Supervisors are required to take a two-day training course on topics such as Indigenous history, the impacts and legacy of residential schools, and traditional and contemporary roles of Indigenous women.
All other employees are required to take a half-day course with an introduction to Indigenous world views and residential schools.
Both courses are taught by members of the Indigenous community, and according to the city, residential school survivors are involved in the delivery of the training of both courses.
Throughout the year, the city — in partnership with Winnipeg public libraries and the National Centre for Truth and Reconciliation — hosted events such as language programs, elder's teachings and Indigenous-themed stories and film series.
To date, Bowman has visited 22 of the 62 high schools in Winnipeg, the city said.
But those who attended the former Assiniboia Indian Residential School — which operated from 1958 until 1973, according to the Manitoba Historical Society — are still waiting for a commemorative sign.
A joint committee between the city, the National Research Centre, the University of Manitoba and survivors is still working together to get this project underway.

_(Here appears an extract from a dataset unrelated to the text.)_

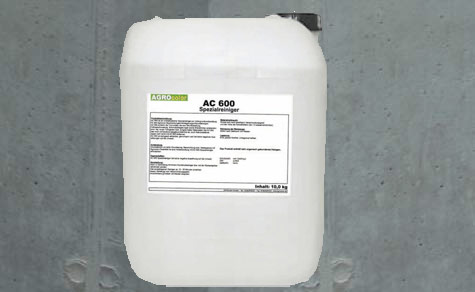 Feuchte Fläche mit AC 600 einsprühen (100-150g/m2). 15-20 Min. einwirken lassen. Mit klarem Wasser abspülen. Feuchte Fläche mit AC 600 einsprühen (100-150g/m2). 15-20 Min. einwirken lassen. Mit klarem Wasser abspülen.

"We want some kind of permanent marker on the site," said Ted Fontaine, a residential school survivor who is part of the committee.
A city planner has been part of the committee but Bowman has yet to attend a meeting, says Fontaine.
"If [Bowman] wants to put up the cost for that, that would be fabulous," Fontaine said.
The joint committee is waiting to hear whether Indigenous and Northern Affairs Canada will allow a commemorative marker, because the building that housed the school is still partially owned by the federal government.
Maeengan Linklater, a Winnipeg community volunteer, says generally there's been a movement toward reconciliation across Canada.
But he says there's still a long way to go, especially when it comes to lifting Indigenous families out of poverty and for families to once again teach one another about language and culture.
Although it might be slow going for the grassroots community, Linklater says he remains optimistic about the future of the city of Winnipeg. He notes decades of work by Indigenous programs and services offered for urban Indigenous people by the people themselves.
Vancouver recently released its own "City of Reconciliation" report on its website.
The city proclaimed its Year of Reconciliation from June 2013 to June 2014. It is now in its second full year as a city of reconciliation.
The city identified 27 out of the 94 TRC's calls to action to specifically follow through on, such as "providing cultural competency and capacity training for City staff, including mandatory aboriginal cultural competency training for all Vancouver Police Department staff," according to the city's website.
In 2016, the city also appointed its first manager of Aboriginal relations, Ginger Gosnell-Myers.
Sioux Lookout, Ont.
It's not just big cities that are taking on reconciliation.
Recently the town of Sioux Lookout, Ont. — with a population of around 5,000 — proclaimed 2017 its own Year of Reconciliation.
Sioux Lookout Mayor Doug Lawrance said the town will do what it can to honour the TRC's 94 calls to action.
The mayor's committee on Truth and Reconciliation will work with neighbouring First Nations communities such as Lac Seul First Nation to plan events throughout the year.